When deploying a model, you can serve it from a preexisting Persistent Volume Claim (PVC) where your model files are stored. You can upload your local model files to a PVC in the IDE that you access from a running workbench.

Prerequisites

  • You have access to the Alauda AI dashboard.

  • You have access to a project that has a running workbench.

  • You have created a persistent volume claim (PVC).

  • The workbench is attached to the persistent volume (PVC).

    For instructions on creating a workbench and attaching a PVC, see Create Workbench.

  • You have the model files saved on your local machine.

Procedure

Follow these steps to upload your model files to the PVC within your workbench:

  1. From the Alauda AI dashboard, click Workbench to enter the workbench list page.

  2. Find your running workbench instance and click the Connect button to enter the workbench.

  3. In your workbench IDE, navigate to the file browser:

    • In JupyterLab, this is the Files tab in the left sidebar.
    • In code-server, this is the Explorer view in the left sidebar.
  4. In the file browser, navigate to the home directory. This directory represents the root of your attached PVC.

    Note Any files or folders that you create or upload to this folder persist in the PVC.

  5. Optional: Create a new folder to organize your models:

    • In the file browser, right-click within the home directory and select New Folder.
    • Name the folder (for example, models).
    • Double-click the new models folder to enter it.
  6. Upload your model files to the current folder:

    • Using JupyterLab:
      • Click the Upload button in the file browser toolbar.
      • In the file selection dialog, navigate to and select the model files from your local computer.
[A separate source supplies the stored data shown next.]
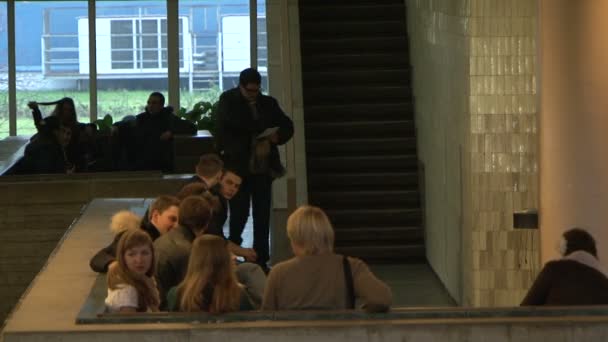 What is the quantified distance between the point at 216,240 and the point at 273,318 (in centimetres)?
45

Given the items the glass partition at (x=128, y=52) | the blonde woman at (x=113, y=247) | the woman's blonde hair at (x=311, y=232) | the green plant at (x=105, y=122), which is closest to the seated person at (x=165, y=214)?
the blonde woman at (x=113, y=247)

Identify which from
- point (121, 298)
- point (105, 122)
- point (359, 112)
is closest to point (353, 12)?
point (359, 112)

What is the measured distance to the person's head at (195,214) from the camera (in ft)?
25.4

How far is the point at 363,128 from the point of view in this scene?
53.1 ft

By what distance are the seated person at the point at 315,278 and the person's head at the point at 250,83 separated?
4.93 metres

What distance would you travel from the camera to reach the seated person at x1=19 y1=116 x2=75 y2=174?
13.6 metres

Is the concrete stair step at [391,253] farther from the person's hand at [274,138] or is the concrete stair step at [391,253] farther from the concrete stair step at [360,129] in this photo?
the person's hand at [274,138]

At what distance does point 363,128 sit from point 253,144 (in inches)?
185

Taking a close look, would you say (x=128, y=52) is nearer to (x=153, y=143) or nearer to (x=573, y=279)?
(x=153, y=143)

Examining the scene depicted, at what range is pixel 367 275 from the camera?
21.6 feet

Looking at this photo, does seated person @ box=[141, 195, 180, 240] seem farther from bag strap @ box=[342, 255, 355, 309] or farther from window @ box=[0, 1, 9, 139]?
window @ box=[0, 1, 9, 139]

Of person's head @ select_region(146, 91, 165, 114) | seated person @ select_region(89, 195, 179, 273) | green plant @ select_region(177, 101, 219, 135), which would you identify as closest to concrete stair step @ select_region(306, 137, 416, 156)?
person's head @ select_region(146, 91, 165, 114)

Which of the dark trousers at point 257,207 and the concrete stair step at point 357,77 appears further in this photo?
the concrete stair step at point 357,77

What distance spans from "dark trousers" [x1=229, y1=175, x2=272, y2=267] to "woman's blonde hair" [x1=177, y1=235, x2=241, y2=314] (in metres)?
5.16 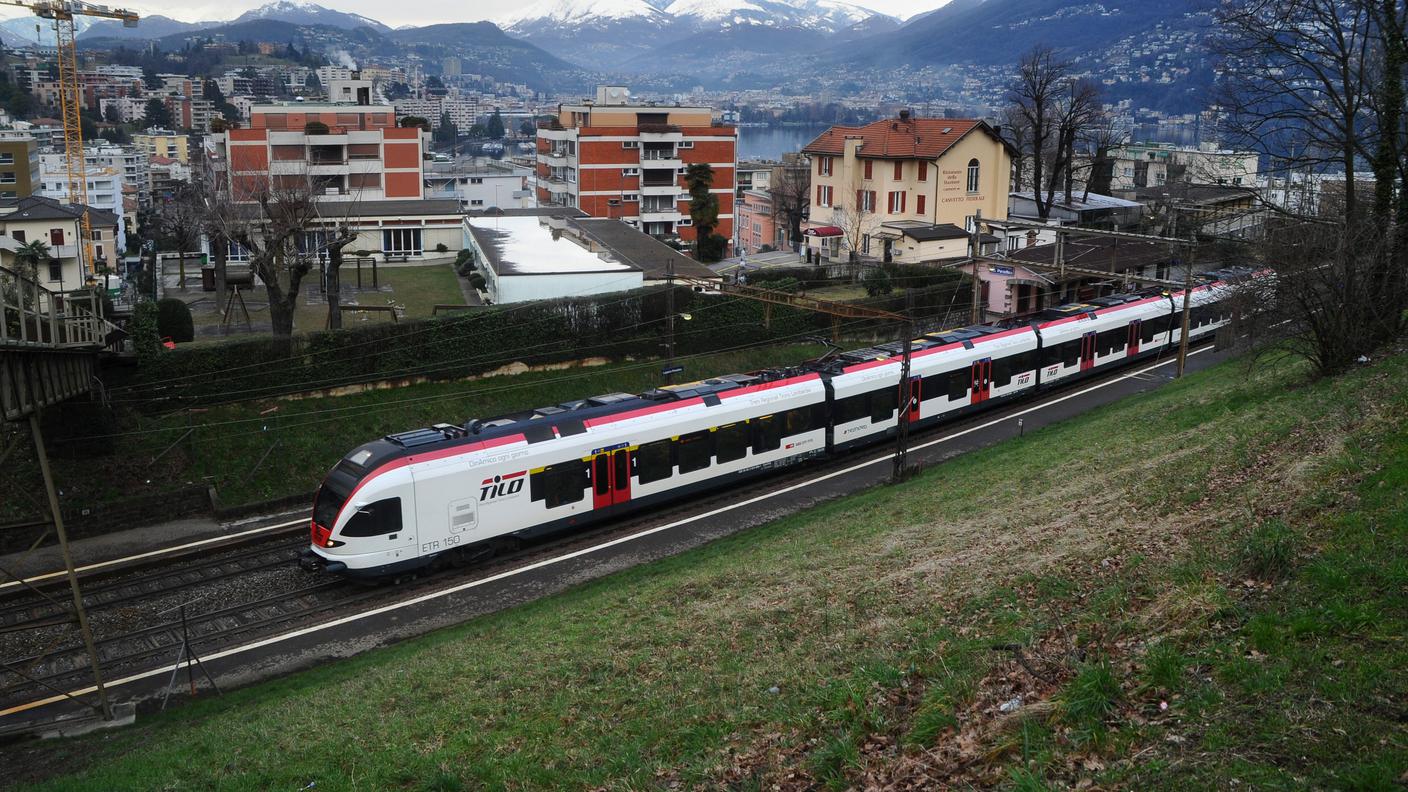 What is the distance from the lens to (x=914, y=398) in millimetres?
30016

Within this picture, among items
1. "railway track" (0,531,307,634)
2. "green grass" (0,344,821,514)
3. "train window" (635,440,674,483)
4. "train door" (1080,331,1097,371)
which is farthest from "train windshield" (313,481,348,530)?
"train door" (1080,331,1097,371)

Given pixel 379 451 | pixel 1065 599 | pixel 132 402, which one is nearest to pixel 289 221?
pixel 132 402

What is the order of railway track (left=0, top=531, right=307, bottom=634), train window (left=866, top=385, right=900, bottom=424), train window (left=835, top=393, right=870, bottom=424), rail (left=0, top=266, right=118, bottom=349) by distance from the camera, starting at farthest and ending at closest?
train window (left=866, top=385, right=900, bottom=424) < train window (left=835, top=393, right=870, bottom=424) < railway track (left=0, top=531, right=307, bottom=634) < rail (left=0, top=266, right=118, bottom=349)

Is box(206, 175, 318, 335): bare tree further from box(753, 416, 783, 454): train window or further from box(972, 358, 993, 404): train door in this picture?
box(972, 358, 993, 404): train door

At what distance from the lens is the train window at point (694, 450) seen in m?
24.5

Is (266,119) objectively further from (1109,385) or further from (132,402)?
(1109,385)

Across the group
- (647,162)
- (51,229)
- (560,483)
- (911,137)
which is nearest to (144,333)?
(560,483)

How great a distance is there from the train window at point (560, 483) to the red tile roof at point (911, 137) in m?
42.0

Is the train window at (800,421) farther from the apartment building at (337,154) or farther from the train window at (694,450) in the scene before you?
the apartment building at (337,154)

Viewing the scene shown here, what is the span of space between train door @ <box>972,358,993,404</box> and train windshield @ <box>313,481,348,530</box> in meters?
19.8

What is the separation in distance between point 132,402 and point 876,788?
26.6 meters

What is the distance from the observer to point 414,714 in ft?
42.5

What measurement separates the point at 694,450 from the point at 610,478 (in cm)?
251

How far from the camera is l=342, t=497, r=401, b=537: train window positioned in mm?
19641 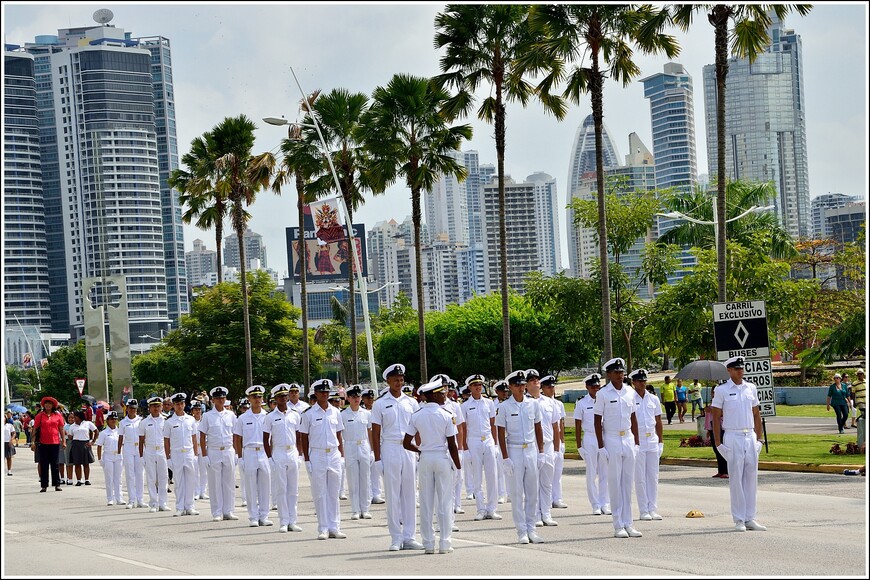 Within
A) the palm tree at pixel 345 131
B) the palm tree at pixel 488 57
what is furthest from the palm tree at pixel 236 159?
the palm tree at pixel 488 57

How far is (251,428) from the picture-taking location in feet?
53.4

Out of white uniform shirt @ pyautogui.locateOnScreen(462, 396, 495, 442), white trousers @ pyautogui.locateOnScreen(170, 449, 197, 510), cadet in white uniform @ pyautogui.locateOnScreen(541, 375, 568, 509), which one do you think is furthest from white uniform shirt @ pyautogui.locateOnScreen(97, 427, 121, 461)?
cadet in white uniform @ pyautogui.locateOnScreen(541, 375, 568, 509)

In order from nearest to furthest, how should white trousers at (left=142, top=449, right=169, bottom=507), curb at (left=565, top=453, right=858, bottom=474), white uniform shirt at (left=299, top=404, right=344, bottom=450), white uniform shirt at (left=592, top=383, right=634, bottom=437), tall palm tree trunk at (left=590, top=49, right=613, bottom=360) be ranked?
white uniform shirt at (left=592, top=383, right=634, bottom=437)
white uniform shirt at (left=299, top=404, right=344, bottom=450)
white trousers at (left=142, top=449, right=169, bottom=507)
curb at (left=565, top=453, right=858, bottom=474)
tall palm tree trunk at (left=590, top=49, right=613, bottom=360)

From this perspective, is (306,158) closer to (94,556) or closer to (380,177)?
(380,177)

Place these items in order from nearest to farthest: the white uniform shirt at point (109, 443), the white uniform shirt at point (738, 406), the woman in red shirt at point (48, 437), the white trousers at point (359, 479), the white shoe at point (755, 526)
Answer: the white shoe at point (755, 526) < the white uniform shirt at point (738, 406) < the white trousers at point (359, 479) < the white uniform shirt at point (109, 443) < the woman in red shirt at point (48, 437)

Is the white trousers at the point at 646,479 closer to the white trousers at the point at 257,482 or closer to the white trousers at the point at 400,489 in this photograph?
the white trousers at the point at 400,489

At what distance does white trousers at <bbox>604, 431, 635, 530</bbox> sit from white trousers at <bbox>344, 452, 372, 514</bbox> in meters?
4.42

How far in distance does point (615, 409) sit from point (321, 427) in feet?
12.2

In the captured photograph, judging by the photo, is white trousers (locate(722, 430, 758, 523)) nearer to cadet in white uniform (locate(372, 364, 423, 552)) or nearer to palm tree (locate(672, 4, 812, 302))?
cadet in white uniform (locate(372, 364, 423, 552))

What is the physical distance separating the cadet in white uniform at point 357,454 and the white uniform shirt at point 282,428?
1.37m

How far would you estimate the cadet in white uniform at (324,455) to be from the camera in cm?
1447

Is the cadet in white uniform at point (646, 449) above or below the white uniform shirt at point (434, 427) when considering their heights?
below

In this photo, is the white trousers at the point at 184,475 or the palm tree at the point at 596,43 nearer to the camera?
the white trousers at the point at 184,475

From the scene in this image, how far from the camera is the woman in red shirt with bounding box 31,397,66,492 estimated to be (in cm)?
2600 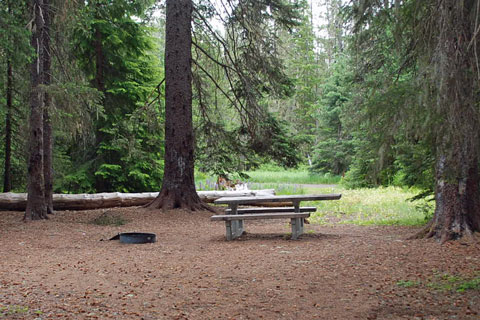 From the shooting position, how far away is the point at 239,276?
547 centimetres

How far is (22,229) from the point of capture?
9102mm

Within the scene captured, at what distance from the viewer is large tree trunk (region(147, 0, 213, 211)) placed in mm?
11547

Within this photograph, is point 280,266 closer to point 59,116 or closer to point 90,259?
point 90,259

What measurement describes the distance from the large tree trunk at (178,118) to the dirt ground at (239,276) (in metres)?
2.98

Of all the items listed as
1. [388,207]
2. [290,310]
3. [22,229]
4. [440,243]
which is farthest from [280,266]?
[388,207]

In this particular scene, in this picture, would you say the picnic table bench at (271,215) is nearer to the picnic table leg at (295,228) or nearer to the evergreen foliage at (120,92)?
the picnic table leg at (295,228)

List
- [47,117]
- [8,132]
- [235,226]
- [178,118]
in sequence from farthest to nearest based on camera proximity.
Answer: [8,132], [178,118], [47,117], [235,226]

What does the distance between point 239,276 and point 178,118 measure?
6.78m

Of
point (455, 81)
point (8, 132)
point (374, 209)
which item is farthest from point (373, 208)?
point (8, 132)

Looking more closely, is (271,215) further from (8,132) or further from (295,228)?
(8,132)

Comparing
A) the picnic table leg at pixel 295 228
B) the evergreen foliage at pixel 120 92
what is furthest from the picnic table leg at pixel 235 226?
the evergreen foliage at pixel 120 92

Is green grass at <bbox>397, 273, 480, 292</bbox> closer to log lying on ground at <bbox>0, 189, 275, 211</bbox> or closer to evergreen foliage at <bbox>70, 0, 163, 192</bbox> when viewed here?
log lying on ground at <bbox>0, 189, 275, 211</bbox>

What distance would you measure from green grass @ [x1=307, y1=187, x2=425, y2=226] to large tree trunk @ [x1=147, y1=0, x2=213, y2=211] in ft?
10.3

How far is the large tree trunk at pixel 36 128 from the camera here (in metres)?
9.65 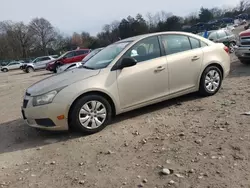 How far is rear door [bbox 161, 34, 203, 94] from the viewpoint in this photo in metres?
5.95

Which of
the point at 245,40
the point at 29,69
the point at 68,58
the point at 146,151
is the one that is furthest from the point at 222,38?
the point at 29,69

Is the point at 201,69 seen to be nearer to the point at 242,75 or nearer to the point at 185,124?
the point at 185,124

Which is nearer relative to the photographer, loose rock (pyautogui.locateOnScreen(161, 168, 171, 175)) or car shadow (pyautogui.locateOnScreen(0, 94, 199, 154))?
loose rock (pyautogui.locateOnScreen(161, 168, 171, 175))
Click Open.
      • Wait for the upload to complete.
    • Using code-server:
      • Drag the model files directly from your local file explorer and drop them into the file browser pane in the target folder within code-server.
      • Wait for the upload process to complete.

Verification

Confirm that your files appear in the file browser at the path where you uploaded them.

Next Steps

When deploying a model from a PVC, set the storageUri in the format pvc://<pvc-name>/<optional-path>. For example:

  • pvc://model-pvc — loads from the root of the PVC.
  • pvc://model-pvc/models/Qwen2.5-0.5B-Instruct — loads from a specific subdirectory.

Deploy Inference Service

kind: InferenceService
apiVersion: serving.kserve.io/v1beta1
metadata:
  annotations:
    aml-model-repo: Qwen2.5-0.5B-Instruct
    aml-pipeline-tag: text-generation
    serving.kserve.io/deploymentMode: Standard
  labels:
    aml.cpaas.io/runtime-type: vllm
  name: pvc-demo-1
  namespace: demo-space
spec:
  predictor:
    maxReplicas: 1
    minReplicas: 1
    model:
      modelFormat:
        name: transformers
      protocolVersion: v2
      resources:
        limits:
          cpu: '2'
          ephemeral-storage: 10Gi
          memory: 8Gi
        requests:
          cpu: '2'
          memory: 4Gi
      runtime: aml-vllm-0.11.2-cpu
      storageUri: pvc://model-pvc
    securityContext:
      seccompProfile:
        type: RuntimeDefault
  1. Replace Qwen2.5-0.5B-Instruct with your actual model name.
  2. aml.cpaas.io/runtime-type: vllm specifies the code runtime type. For more information about custom inference runtimes, see Extend Inference Runtimes.
  3. Replace aml-vllm-0.11.2-cpu with the runtime name that is already installed in your platform (corresponding to a ClusterServingRuntime CRD instance).
  4. storageUri: pvc://model-pvc specifies the PVC name where the model is stored.